Another court in Varanasi, the court of district judge AK Vishwesha, is already hearing the main petition related to the Gyanvapi dispute.
The mosque, located next to the iconic Kashi Vishwanath Temple, has been one of the three temple-mosque rows -- besides Ayodhya and Mathura -- which the BJP raised in the 1980s and 90s, gaining national prominence.
The decades-old legal dispute over the issue was escalated after the Supreme Court's judgment in favour of a temple in the Ram Janambhoomi-Babri Masjid issue.
The 'Shivling' was found earlier this year during a video survey carried out in the Gyanvapi temple complex following the orders of a lower court in Varanasi.

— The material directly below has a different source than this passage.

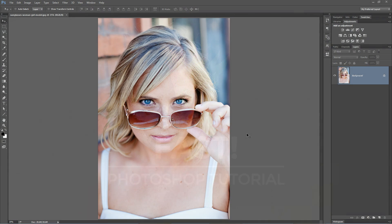The Lomo Effect is a fairly popular technique in photography. It is overdone way, way too much. But if you know how to create it, you know how to control it, and that's half the battle.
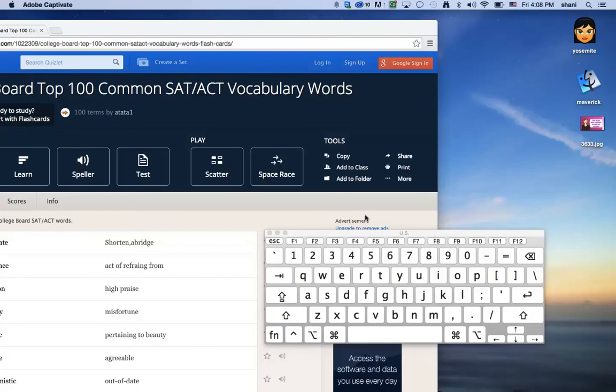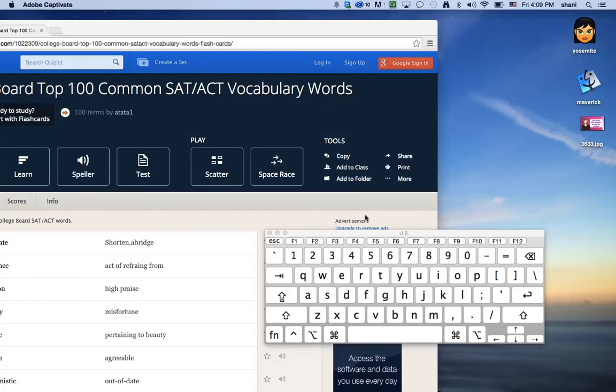So today's Mac tip is going to be on how to use the dictionary pop-up feature of Yosemite. It's already built in, so there's nothing for you to really turn on. You just have to know the keyboard sequence to use and exactly how to highlight a text word in order to be able to see the dictionary feature.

Five women had filed the initial petition, seeking permission for year-long prayers at a shrine inside the mosque complex. They had claimed that ancient idols of Hindu gods and goddesses are located inside the mosque.
After the Supreme Court's intervention , the case was transferred to the court of Varanasi's seniormost judge, who later ruled that the case by the women was 'maintainable' and would be heard in court and dismissed the mosque committee's plea that the Hindu side's petition had no legal standing
The committee had cited the Places of Worship (Special Provisions) Act 1991, which maintains that the religious status of any place of worship should stay the way it was on August 15, 1947. Section 3 of the Act bars the conversion of places of worship. The Babri Masjid case was the exception.
The court ruled that the petitioners do not want ownership, but only the right to worship.
Four of the five women petitioners then filed a plea seeking "scientific investigation" of the "Shivaling", contending that it is necessary to determine its age.
The mosque committee objected to a scientific investigation, arguing that the object being called a "Shivaling" is actually a "fountain" for ritual ablutions.
The district judge's court then dismissed the scientific investigation plea.
Recently, a petition has been filed challenging the Constitutional validity of certain sections of the Places of Worship (Special Provisions) Act 1991 before the Supreme Court.